Sunday, November 4, 2012

Sense of Place: Disorientation, Excitement, Nostalgia

Yesterday, I served as the moderator of a session titled "Creating Your Career: Alternatives to Traditional Employment" at the autumn New England Archivists' conference. I was excited to be returning to the school from which I received my Master's 20 years ago. I hadn't been on campus in 15 years. In fact, when I was last at Simmons College, they didn't really have a campus. I was familiar with the main building and a parking lot that was a constant cause of consternation. Parking was precious with not nearly enough space to accommodate the student body. Though I knew that Simmons had a great school of management and other programs in different buildings, it was as if those schools were not really part of my own since we were separated by architectural design.

I pulled into the underground parking lot and found a space with ease. The trip down from New Hampshire was smooth, though my sense of direction was not. Everything looked different. New businesses and construction confused me and I ended up driving out of my way to get where I was going. I was already feeling disoriented when I exited the parking garage and went up the elevator to a quad area. Simmons actually has a real campus now with buildings for the different schools connected by an outdoor area. A shiny new building greeted me for my conference across the way. It was clean, light, and full of glass. "Wow! This is MY school." I felt proud of the leaps my "little" school has taken in the past couple of decades. But I also felt a little old and disconnected. I realized that there was a definite generation gap between current students and my generation.

Having arrived early, I worked my way up to the library. It was basically my second home for one and a half years. I took an elevator up, admired the archives on display outside the information center and wandered in. Computers were everywhere, which was not unexpected. Comfortable sitting areas, clean tables, carpeting, and more showed off the best side of library science. Unlike MY Simmons library, this one comfortably combined resources for all of Simmons' schools. I wondered how students could really get the full impact of a cataloging class by sitting in such a cushy space. I was nostalgic for the hard tables and chairs surrounded by shelves of Library of Congress cataloging guides.  I had a deja view moment when I passed a copier. Something was familiar. Was this part of the old design? (Having a lousy sense of direction and less than stellar spacial relation skills, I couldn't be sure.)

Simmons College graduation day, 1993.
The student body seemed very young. I was the youngest person in the program when I attended Simmons. It now seemed like everyone wandering the halls was in her/his early twenties. That is, everyone looked young until I passed another woman looking as dazed and confused as I felt. "Wow, this place has changed," she muttered.
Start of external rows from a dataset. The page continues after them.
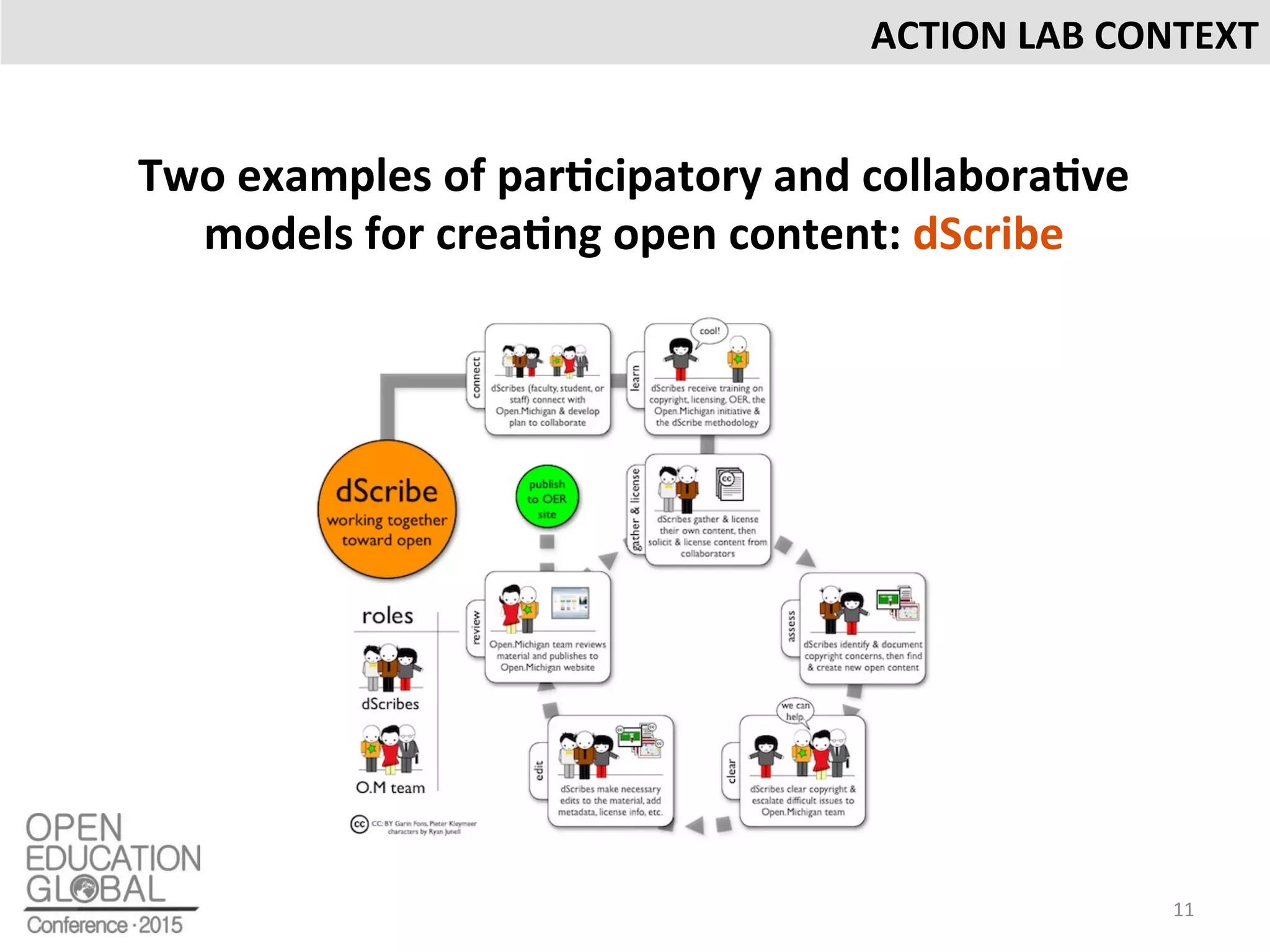 ::0
)
)
A*=C0D)EAF)*0D=2G=)
=$#)&].71%&5)#B)1.-/,81.?#-J)."'),#%%.H#-./K&)
7#'&%5)B#-),-&./"()#1&"),#"?&"?@)'U,-8H&)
She had the poised, intellectual look of a well-informed librarian. She was working her way through the conference with a sense of professional grounding, I think. I knew that she was seeking a few pointers that she might have missed along the way. She was not bouncing from program to program quickly taking as many notes as she could to figure out who she wanted to be and what path she would follow to launch her archives career. "When did you graduate?" I asked. "1992," she responded. " we know each other?" No. But we both knew that we shared the same sense of place. We were part of the same Simmons community with a sense of place that differed from many others at the conference that day.

Then, I reached it. I stood in the main entryway of the old Simmons building that I knew so well. It  looked virtually the same. The old architecture greeted me with open arms. I felt markedly more relaxed and thought, "I'm so glad they left you intact." This was/is MY Simmons. This was the hall that held my memories and I could practically hear the voices of my generation beating from the walls. I welcome change, but I am once again reminded of the importance of memory and sense of place. They are so intricately woven into our sense of self. They are part of the thread of our history. Sense of place is a delicate thing. Markers reminding us of where we have been help ground us and let us walk confidently into our future.
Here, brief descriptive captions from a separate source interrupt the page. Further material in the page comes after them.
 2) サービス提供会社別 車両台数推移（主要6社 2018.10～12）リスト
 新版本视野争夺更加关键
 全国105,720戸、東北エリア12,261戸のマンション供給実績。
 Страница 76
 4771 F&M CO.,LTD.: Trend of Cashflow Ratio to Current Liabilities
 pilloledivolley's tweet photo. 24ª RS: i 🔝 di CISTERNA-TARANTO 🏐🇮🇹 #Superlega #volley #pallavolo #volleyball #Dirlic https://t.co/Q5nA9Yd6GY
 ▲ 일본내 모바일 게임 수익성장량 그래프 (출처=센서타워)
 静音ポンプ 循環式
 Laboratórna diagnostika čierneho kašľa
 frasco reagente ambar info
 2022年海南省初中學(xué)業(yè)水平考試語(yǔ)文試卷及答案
I entered the lecture hall. I was ready to share what I could to help this new generation, with their new sense of place, to find their own confident stride.


  1. I often have occasion to go back to URI, my undergraduate alma mater (I would live in the library there if I could). It had long remained exactly as I knew it back in the 1980s, but in the last 2-3 years the campus has been vastly transformed. Vast new buildings put up, old buildings torn down, completely different traffic flows... I wonder if anyone at the campus thought to specifically document the "before," prior to all the recent changes?
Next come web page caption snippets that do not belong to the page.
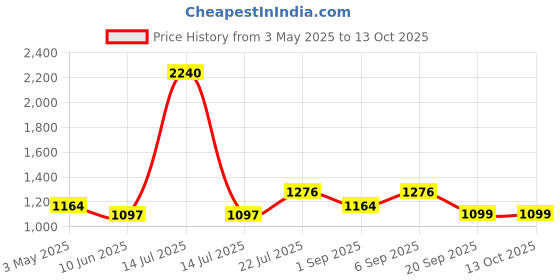 myntra.com Timus Unisex Casual Backpack timus Price History Graph from 3 May 2025 to 13 Oct 2025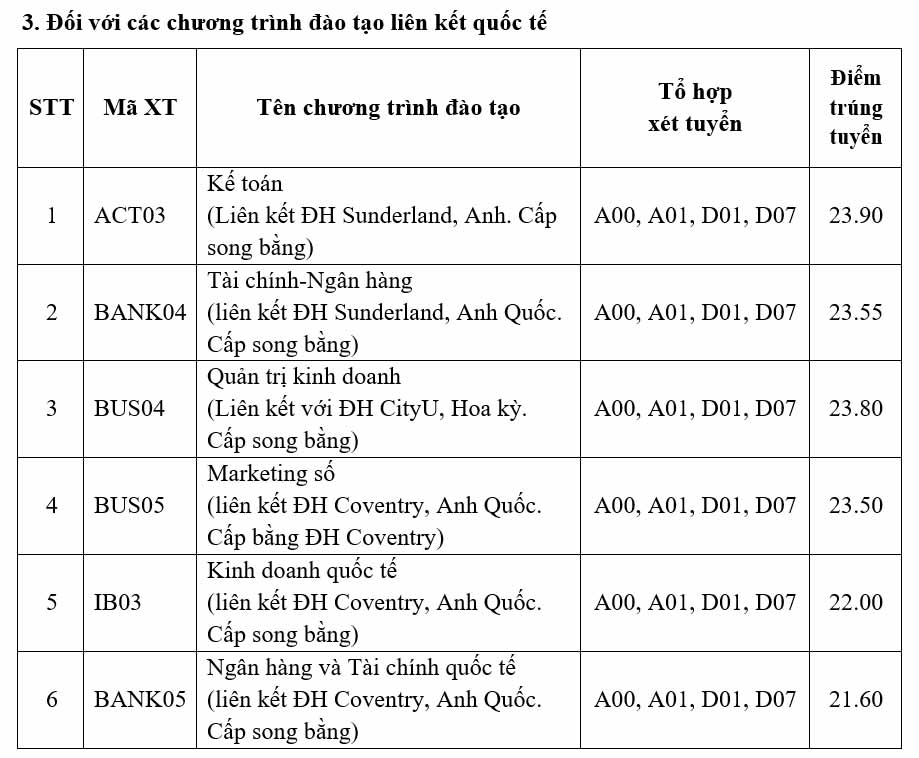 Điểm chuẩn Học viện Ngân hàng năm 2023. Ảnh: Chụp màn hình. 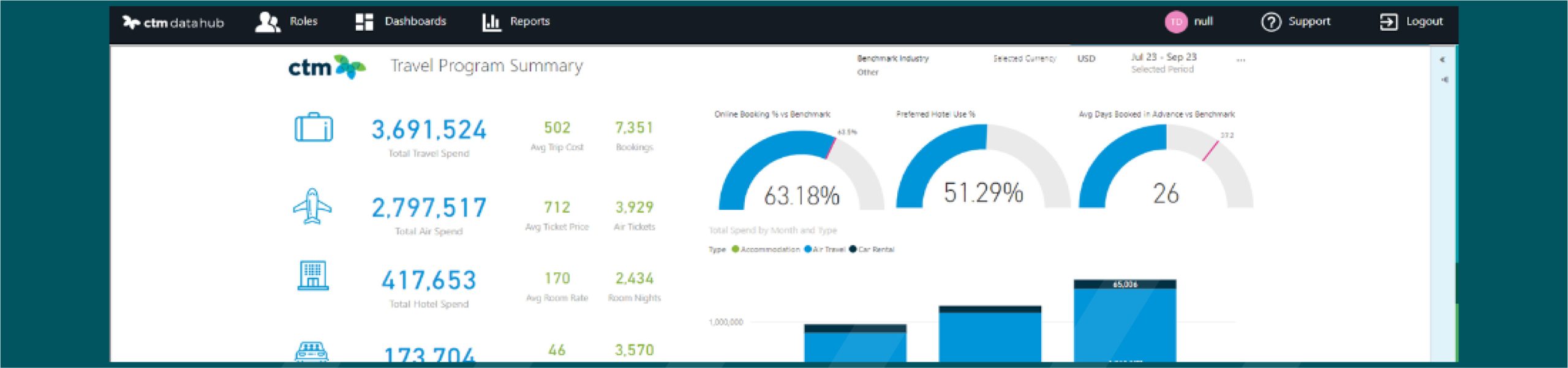 data hub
  2. I was wondering that about Simmons as I wrote this, Mark.

    In my first professional position, at the public library in Waltham, Massachusetts, I was lucky enough to come on board immediately after a building expansion. Records that documented the work were accompanied by photographs. I began putting together a collection that included the library's history of "before" and "after." Adults who had attended the library in their youth especially loved the images of the old children's room. The room had been converted for a new purpose. It is now the local history room there. Having never attended the library prior to my hiring, as archivist I only personally knew that space for one purpose. Comparing my visitors' memories to my knowledge of the renovation was fascinating.